[Entries taken from a collection]

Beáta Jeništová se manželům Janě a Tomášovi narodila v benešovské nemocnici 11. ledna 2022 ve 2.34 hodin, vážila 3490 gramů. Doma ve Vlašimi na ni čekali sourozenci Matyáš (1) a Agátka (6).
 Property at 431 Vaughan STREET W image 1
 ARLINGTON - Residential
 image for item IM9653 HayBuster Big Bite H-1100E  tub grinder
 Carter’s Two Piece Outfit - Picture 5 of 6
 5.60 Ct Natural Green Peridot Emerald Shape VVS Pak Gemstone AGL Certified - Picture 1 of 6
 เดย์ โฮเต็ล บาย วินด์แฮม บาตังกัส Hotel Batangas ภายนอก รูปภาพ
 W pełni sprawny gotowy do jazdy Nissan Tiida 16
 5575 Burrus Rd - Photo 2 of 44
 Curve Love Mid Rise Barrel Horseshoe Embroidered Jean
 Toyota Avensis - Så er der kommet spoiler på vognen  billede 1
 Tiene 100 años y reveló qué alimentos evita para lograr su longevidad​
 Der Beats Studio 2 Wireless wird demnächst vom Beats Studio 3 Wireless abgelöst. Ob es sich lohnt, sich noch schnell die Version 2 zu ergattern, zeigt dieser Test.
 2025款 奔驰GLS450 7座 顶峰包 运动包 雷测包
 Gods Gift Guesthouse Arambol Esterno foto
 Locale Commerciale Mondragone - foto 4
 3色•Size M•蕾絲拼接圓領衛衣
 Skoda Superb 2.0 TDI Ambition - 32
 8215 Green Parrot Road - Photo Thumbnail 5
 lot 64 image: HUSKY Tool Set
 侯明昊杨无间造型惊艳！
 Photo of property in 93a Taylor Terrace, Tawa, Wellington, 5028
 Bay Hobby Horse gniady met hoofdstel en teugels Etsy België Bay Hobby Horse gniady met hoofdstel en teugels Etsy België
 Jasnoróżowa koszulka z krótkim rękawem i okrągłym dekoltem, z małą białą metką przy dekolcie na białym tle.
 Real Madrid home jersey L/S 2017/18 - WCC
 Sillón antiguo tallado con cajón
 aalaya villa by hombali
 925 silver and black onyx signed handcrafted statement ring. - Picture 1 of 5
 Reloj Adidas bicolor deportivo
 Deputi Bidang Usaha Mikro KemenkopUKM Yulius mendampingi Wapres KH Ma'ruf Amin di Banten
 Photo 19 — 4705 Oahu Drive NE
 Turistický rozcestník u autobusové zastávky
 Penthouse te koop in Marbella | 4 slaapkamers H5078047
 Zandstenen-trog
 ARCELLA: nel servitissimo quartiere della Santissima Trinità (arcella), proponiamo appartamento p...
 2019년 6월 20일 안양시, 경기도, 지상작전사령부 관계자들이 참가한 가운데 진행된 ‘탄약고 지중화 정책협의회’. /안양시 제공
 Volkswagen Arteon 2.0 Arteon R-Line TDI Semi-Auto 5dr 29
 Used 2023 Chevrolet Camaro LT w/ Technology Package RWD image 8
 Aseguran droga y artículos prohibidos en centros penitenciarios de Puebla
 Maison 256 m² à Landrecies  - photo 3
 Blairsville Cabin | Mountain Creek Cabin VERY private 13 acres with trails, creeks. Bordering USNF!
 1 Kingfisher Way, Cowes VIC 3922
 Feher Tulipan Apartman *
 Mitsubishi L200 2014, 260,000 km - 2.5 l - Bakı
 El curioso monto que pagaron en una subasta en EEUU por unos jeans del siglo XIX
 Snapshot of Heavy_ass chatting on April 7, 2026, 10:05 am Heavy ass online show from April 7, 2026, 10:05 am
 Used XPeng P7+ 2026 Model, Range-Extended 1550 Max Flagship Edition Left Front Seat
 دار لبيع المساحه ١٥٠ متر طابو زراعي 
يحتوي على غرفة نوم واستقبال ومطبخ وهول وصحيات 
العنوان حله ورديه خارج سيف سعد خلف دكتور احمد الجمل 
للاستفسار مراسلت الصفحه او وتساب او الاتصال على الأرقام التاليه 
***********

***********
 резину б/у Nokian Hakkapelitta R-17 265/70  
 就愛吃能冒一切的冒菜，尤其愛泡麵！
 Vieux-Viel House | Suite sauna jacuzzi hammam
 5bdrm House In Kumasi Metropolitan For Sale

▶ **What is being asked**: Take the records above and copy them out exactly.

▶ **Worked solution**:
Beáta Jeništová se manželům Janě a Tomášovi narodila v benešovské nemocnici 11. ledna 2022 ve 2.34 hodin, vážila 3490 gramů. Doma ve Vlašimi na ni čekali sourozenci Matyáš (1) a Agátka (6).
 Property at 431 Vaughan STREET W image 1
 ARLINGTON - Residential
 image for item IM9653 HayBuster Big Bite H-1100E  tub grinder
 Carter’s Two Piece Outfit - Picture 5 of 6
 5.60 Ct Natural Green Peridot Emerald Shape VVS Pak Gemstone AGL Certified - Picture 1 of 6
 เดย์ โฮเต็ล บาย วินด์แฮม บาตังกัส Hotel Batangas ภายนอก รูปภาพ
 W pełni sprawny gotowy do jazdy Nissan Tiida 16
 5575 Burrus Rd - Photo 2 of 44
 Curve Love Mid Rise Barrel Horseshoe Embroidered Jean
 Toyota Avensis - Så er der kommet spoiler på vognen  billede 1
 Tiene 100 años y reveló qué alimentos evita para lograr su longevidad​
 Der Beats Studio 2 Wireless wird demnächst vom Beats Studio 3 Wireless abgelöst. Ob es sich lohnt, sich noch schnell die Version 2 zu ergattern, zeigt dieser Test.
 2025款 奔驰GLS450 7座 顶峰包 运动包 雷测包
 Gods Gift Guesthouse Arambol Esterno foto
 Locale Commerciale Mondragone - foto 4
 3色•Size M•蕾絲拼接圓領衛衣
 Skoda Superb 2.0 TDI Ambition - 32
 8215 Green Parrot Road - Photo Thumbnail 5
 lot 64 image: HUSKY Tool Set
 侯明昊杨无间造型惊艳！
 Photo of property in 93a Taylor Terrace, Tawa, Wellington, 5028
 Bay Hobby Horse gniady met hoofdstel en teugels Etsy België Bay Hobby Horse gniady met hoofdstel en teugels Etsy België
 Jasnoróżowa koszulka z krótkim rękawem i okrągłym dekoltem, z małą białą metką przy dekolcie na białym tle.
 Real Madrid home jersey L/S 2017/18 - WCC
 Sillón antiguo tallado con cajón
 aalaya villa by hombali
 925 silver and black onyx signed handcrafted statement ring. - Picture 1 of 5
 Reloj Adidas bicolor deportivo
 Deputi Bidang Usaha Mikro KemenkopUKM Yulius mendampingi Wapres KH Ma'ruf Amin di Banten
 Photo 19 — 4705 Oahu Drive NE
 Turistický rozcestník u autobusové zastávky
 Penthouse te koop in Marbella | 4 slaapkamers H5078047
 Zandstenen-trog
 ARCELLA: nel servitissimo quartiere della Santissima Trinità (arcella), proponiamo appartamento p...
 2019년 6월 20일 안양시, 경기도, 지상작전사령부 관계자들이 참가한 가운데 진행된 ‘탄약고 지중화 정책협의회’. /안양시 제공
 Volkswagen Arteon 2.0 Arteon R-Line TDI Semi-Auto 5dr 29
 Used 2023 Chevrolet Camaro LT w/ Technology Package RWD image 8
 Aseguran droga y artículos prohibidos en centros penitenciarios de Puebla
 Maison 256 m² à Landrecies  - photo 3
 Blairsville Cabin | Mountain Creek Cabin VERY private 13 acres with trails, creeks. Bordering USNF!
 1 Kingfisher Way, Cowes VIC 3922
 Feher Tulipan Apartman *
 Mitsubishi L200 2014, 260,000 km - 2.5 l - Bakı
 El curioso monto que pagaron en una subasta en EEUU por unos jeans del siglo XIX
 Snapshot of Heavy_ass chatting on April 7, 2026, 10:05 am Heavy ass online show from April 7, 2026, 10:05 am
 Used XPeng P7+ 2026 Model, Range-Extended 1550 Max Flagship Edition Left Front Seat
 دار لبيع المساحه ١٥٠ متر طابو زراعي 
يحتوي على غرفة نوم واستقبال ومطبخ وهول وصحيات 
العنوان حله ورديه خارج سيف سعد خلف دكتور احمد الجمل 
للاستفسار مراسلت الصفحه او وتساب او الاتصال على الأرقام التاليه 
***********

***********
 резину б/у Nokian Hakkapelitta R-17 265/70  
 就愛吃能冒一切的冒菜，尤其愛泡麵！
 Vieux-Viel House | Suite sauna jacuzzi hammam
 5bdrm House In Kumasi Metropolitan For Sale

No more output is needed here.